In the Netherlands you get up two years paid sick leave, before your employer can fire you. If you are sick enough to not be able to work again, you'll get 75% of your last earned wage from the government.

The tricky situation is when you are considered partially unable to work. You'll get time to find a suitable job, but your benefits drop over time. Finding a job in that situation is sometimes very difficult. It's possible to fall between the cracks.

In any case, the intent is to make sure people do not get unfairly hurt by life events outside their control.
jochem9
·2 bulan yang lalu·discuss
I used to do lots of data engineering in Python, then started doing all kinds of engineering in primarily Go.

The Go ecosystem for data is very limited. There are no widely supported dataframe libraries (like the og pandas and the newer polars written in rust and also available as a crate). Very few data science libs, a few decent gen AI libraries, but not as popular as their Python cousins.

Most of the work I do now is streaming data and very small batches. For that Go is amazing. I don't need dataframes to transform a json, combine it with a bunch of other data and write to a database. I just need to write that logic and make it go fast. Very easy in Go.
jochem9
·2 bulan yang lalu·discuss
If you're at a stage where code doesn't compile and doesn't do what you want, then that's really easy to improve.

- let the llm (agent) compile the code and iterate until it does.

- state your intent more clearly.
jochem9
·2 bulan yang lalu·discuss
This implies that the government respects the rules or at the very least pretends to do so. To me it's pretty clear that the US federal government has moved beyond that.
jochem9
·2 bulan yang lalu·discuss
One does not rule out the other. In the end it's nerds messing with hardware.

Lots of computer culture is rooted in anarchism, anti-capitalism and a fight for fairness. E.g. early internet culture, the open source community.

Imo it's very nice to see explicit anti-capitalist movements within tech, because the other side of tech is so completely over the top capitalist.
jochem9
·2 bulan yang lalu·discuss
To me these all sound pretty plausible?

You have browser extensions that allow AI to control it.
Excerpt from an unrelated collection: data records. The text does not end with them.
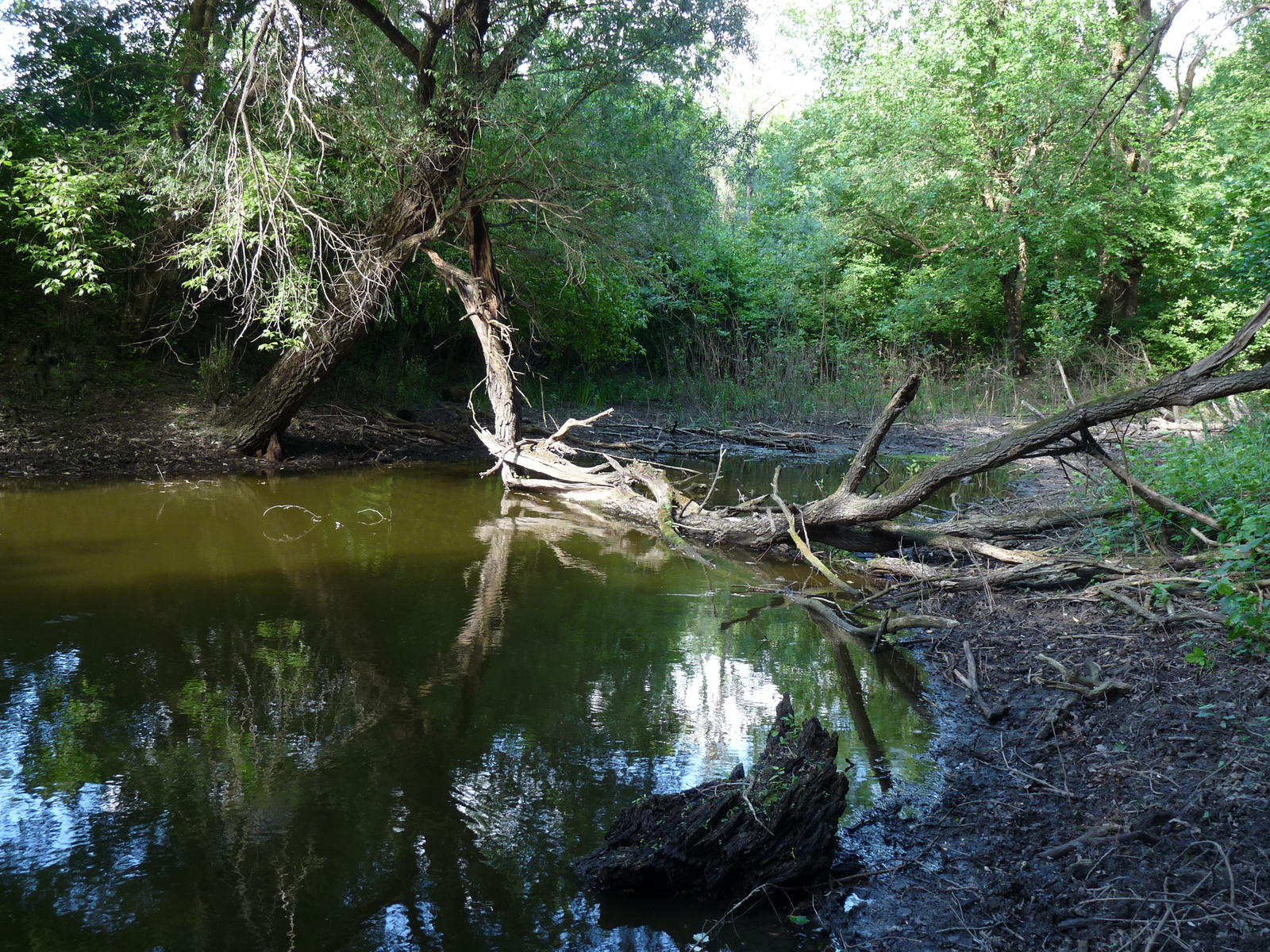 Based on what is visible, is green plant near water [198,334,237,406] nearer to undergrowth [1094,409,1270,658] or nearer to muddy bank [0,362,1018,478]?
muddy bank [0,362,1018,478]

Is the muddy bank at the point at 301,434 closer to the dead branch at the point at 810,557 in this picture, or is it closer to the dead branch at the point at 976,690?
→ the dead branch at the point at 810,557

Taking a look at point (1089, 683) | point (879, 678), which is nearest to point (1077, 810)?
point (1089, 683)

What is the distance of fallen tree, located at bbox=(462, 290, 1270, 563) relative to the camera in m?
4.69

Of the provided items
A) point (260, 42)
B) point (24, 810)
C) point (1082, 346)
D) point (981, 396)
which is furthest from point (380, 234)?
point (1082, 346)

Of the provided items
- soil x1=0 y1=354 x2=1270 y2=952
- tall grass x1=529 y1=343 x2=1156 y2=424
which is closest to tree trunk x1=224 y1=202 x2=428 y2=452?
tall grass x1=529 y1=343 x2=1156 y2=424

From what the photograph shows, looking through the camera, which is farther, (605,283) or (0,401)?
(605,283)

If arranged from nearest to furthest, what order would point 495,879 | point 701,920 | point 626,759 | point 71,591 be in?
point 701,920 → point 495,879 → point 626,759 → point 71,591

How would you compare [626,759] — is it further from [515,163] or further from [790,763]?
[515,163]

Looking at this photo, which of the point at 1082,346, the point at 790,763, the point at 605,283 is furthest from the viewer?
the point at 1082,346

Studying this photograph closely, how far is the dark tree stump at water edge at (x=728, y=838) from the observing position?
246 centimetres

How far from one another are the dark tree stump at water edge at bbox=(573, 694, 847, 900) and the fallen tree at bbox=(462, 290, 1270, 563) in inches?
123

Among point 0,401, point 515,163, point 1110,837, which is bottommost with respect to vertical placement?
point 1110,837

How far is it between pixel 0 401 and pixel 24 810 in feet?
28.8

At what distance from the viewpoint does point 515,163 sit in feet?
30.2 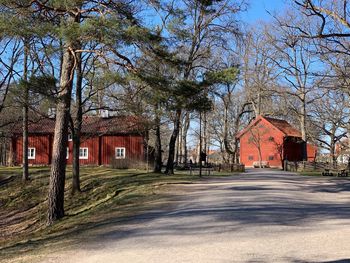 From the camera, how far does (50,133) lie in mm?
46969

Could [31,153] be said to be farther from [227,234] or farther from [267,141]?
[227,234]

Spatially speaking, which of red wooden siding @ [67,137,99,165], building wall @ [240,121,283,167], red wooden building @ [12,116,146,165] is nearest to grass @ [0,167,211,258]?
red wooden siding @ [67,137,99,165]

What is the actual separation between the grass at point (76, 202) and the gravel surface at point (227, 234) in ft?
6.82

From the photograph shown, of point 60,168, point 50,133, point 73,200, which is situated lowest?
point 73,200

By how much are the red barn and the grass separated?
34041mm

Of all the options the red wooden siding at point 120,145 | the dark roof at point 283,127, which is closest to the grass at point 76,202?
the red wooden siding at point 120,145

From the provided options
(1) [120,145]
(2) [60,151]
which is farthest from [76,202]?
(1) [120,145]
There are apps that create a virtual microphone for text to speech. All pretty easy to get going if you allow an AI to control a computer.
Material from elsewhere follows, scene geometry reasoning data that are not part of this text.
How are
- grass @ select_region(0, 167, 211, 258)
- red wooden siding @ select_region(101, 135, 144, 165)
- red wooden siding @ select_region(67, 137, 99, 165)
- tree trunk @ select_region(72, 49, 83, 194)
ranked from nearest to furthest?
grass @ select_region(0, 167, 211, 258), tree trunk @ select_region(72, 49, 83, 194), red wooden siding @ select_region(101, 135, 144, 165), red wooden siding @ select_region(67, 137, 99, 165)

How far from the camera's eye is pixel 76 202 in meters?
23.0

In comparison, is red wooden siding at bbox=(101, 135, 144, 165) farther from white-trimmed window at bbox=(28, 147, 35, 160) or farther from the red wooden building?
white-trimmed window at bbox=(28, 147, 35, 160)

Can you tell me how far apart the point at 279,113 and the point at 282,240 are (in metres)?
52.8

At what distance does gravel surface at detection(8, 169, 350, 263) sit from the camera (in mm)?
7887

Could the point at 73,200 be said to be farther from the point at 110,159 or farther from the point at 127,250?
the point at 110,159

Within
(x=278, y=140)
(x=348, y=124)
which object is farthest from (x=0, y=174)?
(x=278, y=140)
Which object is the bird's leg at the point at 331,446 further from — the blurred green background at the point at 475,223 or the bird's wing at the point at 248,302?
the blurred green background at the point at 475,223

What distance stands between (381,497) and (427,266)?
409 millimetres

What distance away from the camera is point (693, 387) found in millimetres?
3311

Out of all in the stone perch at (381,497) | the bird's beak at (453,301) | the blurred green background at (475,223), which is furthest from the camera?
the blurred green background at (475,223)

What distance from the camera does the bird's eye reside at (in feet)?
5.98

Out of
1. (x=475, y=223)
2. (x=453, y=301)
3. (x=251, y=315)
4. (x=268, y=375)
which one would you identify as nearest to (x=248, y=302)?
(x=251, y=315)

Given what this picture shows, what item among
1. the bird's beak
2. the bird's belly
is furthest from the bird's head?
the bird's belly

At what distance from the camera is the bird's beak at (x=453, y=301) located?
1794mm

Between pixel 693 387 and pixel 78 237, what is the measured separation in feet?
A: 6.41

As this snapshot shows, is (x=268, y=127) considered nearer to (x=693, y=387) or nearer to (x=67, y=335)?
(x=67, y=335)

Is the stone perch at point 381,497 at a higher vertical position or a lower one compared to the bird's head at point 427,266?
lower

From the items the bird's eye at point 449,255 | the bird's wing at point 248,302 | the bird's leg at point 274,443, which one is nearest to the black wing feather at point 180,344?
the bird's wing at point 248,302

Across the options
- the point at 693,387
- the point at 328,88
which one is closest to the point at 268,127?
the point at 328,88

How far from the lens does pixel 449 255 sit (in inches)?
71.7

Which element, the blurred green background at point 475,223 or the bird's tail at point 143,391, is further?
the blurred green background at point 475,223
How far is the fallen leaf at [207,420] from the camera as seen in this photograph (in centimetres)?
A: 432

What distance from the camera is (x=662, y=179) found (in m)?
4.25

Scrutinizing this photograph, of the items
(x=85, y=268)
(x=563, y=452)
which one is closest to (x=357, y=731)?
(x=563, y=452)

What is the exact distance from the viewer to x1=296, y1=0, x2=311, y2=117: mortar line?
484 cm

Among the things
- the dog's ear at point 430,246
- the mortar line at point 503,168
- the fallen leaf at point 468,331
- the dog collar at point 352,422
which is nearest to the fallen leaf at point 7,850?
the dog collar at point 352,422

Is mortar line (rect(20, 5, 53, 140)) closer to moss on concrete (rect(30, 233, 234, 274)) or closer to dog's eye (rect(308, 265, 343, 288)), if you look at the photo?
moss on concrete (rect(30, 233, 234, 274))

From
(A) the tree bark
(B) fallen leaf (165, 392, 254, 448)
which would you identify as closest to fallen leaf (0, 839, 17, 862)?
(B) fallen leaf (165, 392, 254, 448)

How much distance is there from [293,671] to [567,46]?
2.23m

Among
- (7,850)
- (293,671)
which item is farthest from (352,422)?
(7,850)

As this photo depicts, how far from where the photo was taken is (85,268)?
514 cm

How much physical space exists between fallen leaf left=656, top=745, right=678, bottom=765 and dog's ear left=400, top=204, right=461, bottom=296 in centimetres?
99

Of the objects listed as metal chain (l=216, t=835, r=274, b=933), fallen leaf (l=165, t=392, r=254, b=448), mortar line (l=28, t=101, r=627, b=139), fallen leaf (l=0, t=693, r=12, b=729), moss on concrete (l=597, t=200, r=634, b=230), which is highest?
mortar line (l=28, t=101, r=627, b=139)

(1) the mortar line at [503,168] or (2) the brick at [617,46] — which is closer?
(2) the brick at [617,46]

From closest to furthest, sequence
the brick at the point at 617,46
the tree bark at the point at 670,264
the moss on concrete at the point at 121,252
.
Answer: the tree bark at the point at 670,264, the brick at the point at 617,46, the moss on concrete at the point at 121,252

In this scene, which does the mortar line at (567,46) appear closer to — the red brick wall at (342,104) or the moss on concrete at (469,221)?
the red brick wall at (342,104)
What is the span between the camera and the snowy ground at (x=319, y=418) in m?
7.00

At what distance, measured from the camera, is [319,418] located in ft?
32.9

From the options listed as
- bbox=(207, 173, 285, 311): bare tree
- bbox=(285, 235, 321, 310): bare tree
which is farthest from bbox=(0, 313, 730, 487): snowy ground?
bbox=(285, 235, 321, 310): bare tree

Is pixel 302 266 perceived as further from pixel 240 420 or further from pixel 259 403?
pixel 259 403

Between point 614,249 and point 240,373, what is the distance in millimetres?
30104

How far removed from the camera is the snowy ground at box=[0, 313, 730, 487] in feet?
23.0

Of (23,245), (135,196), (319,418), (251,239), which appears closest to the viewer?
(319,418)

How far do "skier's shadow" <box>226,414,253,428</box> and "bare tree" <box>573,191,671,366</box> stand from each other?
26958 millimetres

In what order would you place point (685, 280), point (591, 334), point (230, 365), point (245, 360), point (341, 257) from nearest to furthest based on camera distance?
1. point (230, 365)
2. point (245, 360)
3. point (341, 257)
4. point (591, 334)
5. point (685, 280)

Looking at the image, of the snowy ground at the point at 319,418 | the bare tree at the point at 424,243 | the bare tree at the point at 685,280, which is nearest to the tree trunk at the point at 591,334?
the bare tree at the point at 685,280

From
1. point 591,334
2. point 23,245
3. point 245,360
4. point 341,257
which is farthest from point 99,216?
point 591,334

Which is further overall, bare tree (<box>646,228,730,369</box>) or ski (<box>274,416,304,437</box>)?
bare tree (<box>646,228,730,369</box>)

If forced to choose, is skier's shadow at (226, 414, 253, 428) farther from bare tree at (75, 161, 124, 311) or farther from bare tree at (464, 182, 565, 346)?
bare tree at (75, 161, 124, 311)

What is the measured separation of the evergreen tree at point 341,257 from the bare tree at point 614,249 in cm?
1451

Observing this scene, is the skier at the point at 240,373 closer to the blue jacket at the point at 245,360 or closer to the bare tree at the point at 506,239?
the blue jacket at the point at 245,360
Generating designs is also easy. Just use nano banana or something similar.

I'm more curious about the quality of the output. I've seen some ugly stuff. The article also includes one example (the outdoor seating design).

I'm also curious about the reaction of people to AI running the shop. Do some people decide not to deal with it? Do some people abuse it? In the article there seem to be only positive examples of human-AI interactions.
jochem9
·2 bulan yang lalu·discuss
Says a lot about the state of society when parenting is outsourced to technology, so that the parents can be further enslaved (because almost no one chooses to work two jobs).